Wednesday 06 Oct 2021 | 19:07 | SYDNEY
Wednesday 06 Oct 2021 | 19:07 | SYDNEY

Reader Riposte: Israel may be right about Iran

8 October 2012 14:48

Daniel Meyerowitz-Katz, a Policy Analyst and Social Media Coordinator for the Australia/Israel and Jewish Affairs Council, writes:

Rodger Shanahan appears to suggest that Benjamin Netanyahu's call for a red line to be drawn in terms of Iran's nuclear development is unfounded as there is no evidence of Iran pursuing a nuclear weapon. Not being privy to the high-level intelligence that the Israeli Prime Minister would have access to makes it difficult to say exactly what evidence Netanyahu is basing his actions on, however, even the material that has been made public provides close to irrefutable proof that Iran's nuclear program is far from civilian in nature.
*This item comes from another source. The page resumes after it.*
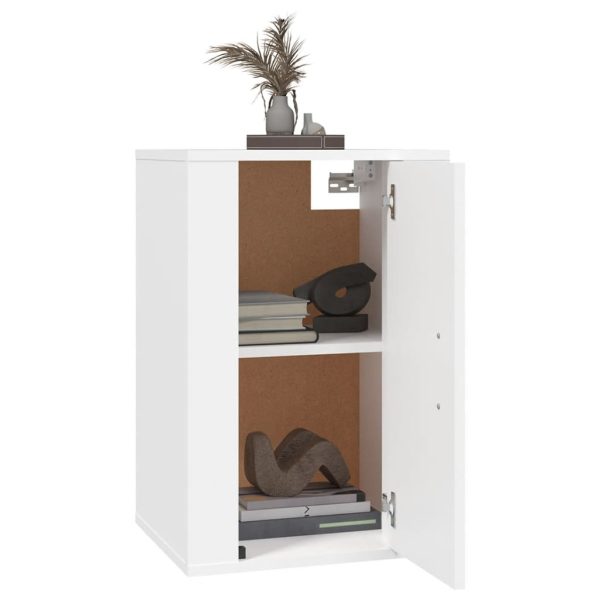 Wall Mounted TV Cabinet White 40x34,5x40 cm - Image 21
This evidence was comprehensively analysed in a report released in May this year by Anthony Cordesman from the Center for Strategic and International Studies in the US. As Cordesman noted: 'It is essential to understand that Iran has moved far beyond the point where it lacked the technology base to produce nuclear weapons, or where searching through the statements of senior Iranian officials provides any meaningful picture of its progress and intentions.

'Iran has pursued every major area of nuclear weapons development, has carried out programs that have already given it every component of a weapon except fissile material and there is strong evidence that it has carried out programs to integrate a nuclear warhead on to its missiles. ... Iran's efforts are part of a far broader range of efforts that have already brought it to the point where it can pursue nuclear weapons development through a range of compartmented and easily concealable programs without a formal weapons program, and even if it suspends enrichment activity. These are also programs that have been examined in depth in recent reports by the International Atomic Energy Agency.'

I struggle to believe that anyone could read Cordesman's full report without concluding that Iran has been working to develop a nuclear weapons capability and is dangerously close to achieving that end. Netanyahu is far from the only world leader who believes that Iran is developing a nuclear weapon; as the current regime of sanctions demonstrates, that fact is not disputed by any of the key players in international relations.

While it is true that, as Shanahan observes, Netanyahu has been warning of an impending nuclear Iran for decades and that this has yet to happen, this does not mean that Netanyahu was not correct. The warnings from Netanyahu and others compelled the international community to take action against Iran's nuclear program. A variety of means have consequently been employed to make life more difficult for the Iranians, including sanctions, cyber warfare, sabotage and various others. It is predominantly due to those efforts that Iran has yet to reach the red line of which Netanyahu speaks.

Finally, Shanahan's post seems to imply that Netanyahu's testimony before Congress in 2002 about Saddam Hussein was the reason that the US, Australian, the UK and their allies decided to invade Iraq. It seems absurd to suggest that the then foreign minister of Israel speaking before a branch of the American government that was not even responsible for the decision to invade would have had such a substantial role, especially as Netanyahu was doing little more than toeing a line set by the US administration.

Where the existence of a nuclear program in Iraq was highly disputed, there is a near consensus in the international community that Iran is developing nuclear weapons; Netanyahu's opinion is shared by the political leadership of Australia, the US, the UK, Europe, the Gulf Arab Emirates, India, and even Russia and China.

In short, the existence of an Iranian nuclear weapons program long ago ceased to be a matter of serious debate. The current controversy is over the way to approach that program and questioning the wisdom of an Israeli or American strike on Iran is perfectly legitimate; this would have some very grave consequences and is not a decision that should ever be made lightly.